There were a few limitations in this study. First, it is not certain whether the results can be generalized and applied to other ethnic groups, as this trial was performed only by primary-care physicians in Korea. However, similar results can be expected in other ethnic groups, considering that the research on ARBs conducted in Western countries identified effects analogous to those in Korea and Asia [6]. Second, the accuracy of the study results may be questioned because this was a post-marketing observational study that did not have established inclusion or exclusion guidelines and was an open-label, observational study that relied on doctors’ decisions for patient inclusion. However, this type of study design enabled the inclusion of a more diverse participating population and reflected the actual clinical situation more accurately and realistically. Third, the study was not able to verify whether the patients actually took the medication, as the study only depended on an analysis of patients’ recall. However, previous validation studies have found good correlations between prescription claims and actual drug use [33], and this study found that the rate of drug consumption correlated well with patients’ verbal responses.

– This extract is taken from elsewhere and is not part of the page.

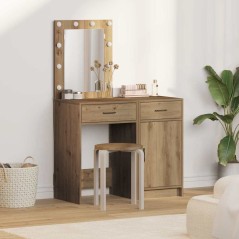 vidaXL Set di Toeletta in 2 Pezzi con LED in Legno Ingegnerizzato Rovere Artigianale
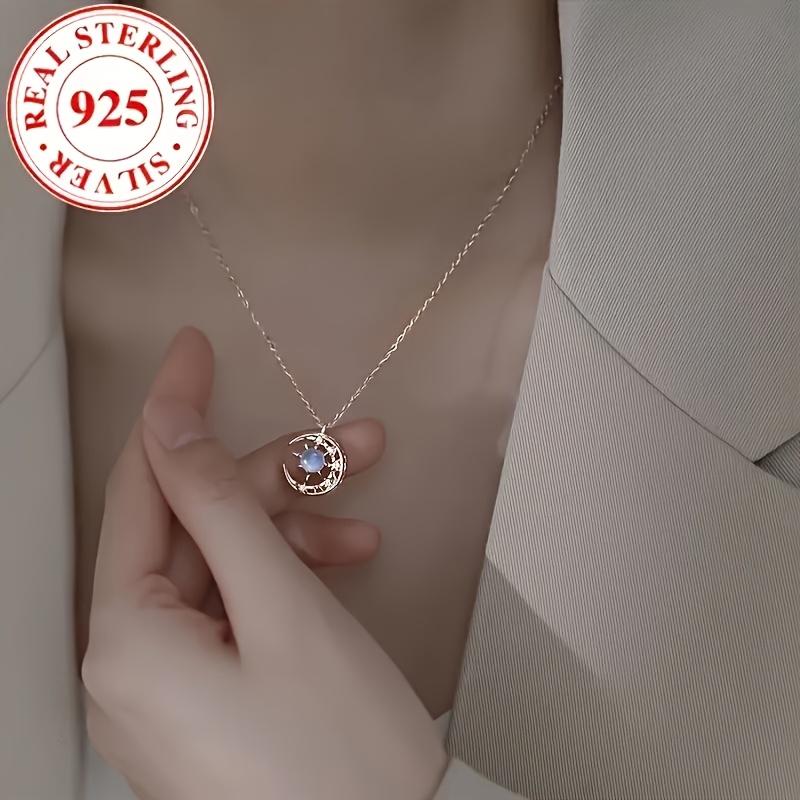 Luxurious Celestial Moon Pendant Necklace - 925 Sterling Silver with Synthetic Blue Zirconia, Perfect Gift for Women in Everyday Life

Therefore, it is believed that there should not be a large discrepancy between prescription claims and actual drug use in this study.

5 Conclusion

Fimasartan, the ninth ARB to be developed, has minimal side effects, high overall patient compliance, and an evident effect on decreasing BP. Accordingly, we believe that fimasartan can be used safely because its effectiveness and side effects did not differ significantly according to sex, age, and concomitant disease.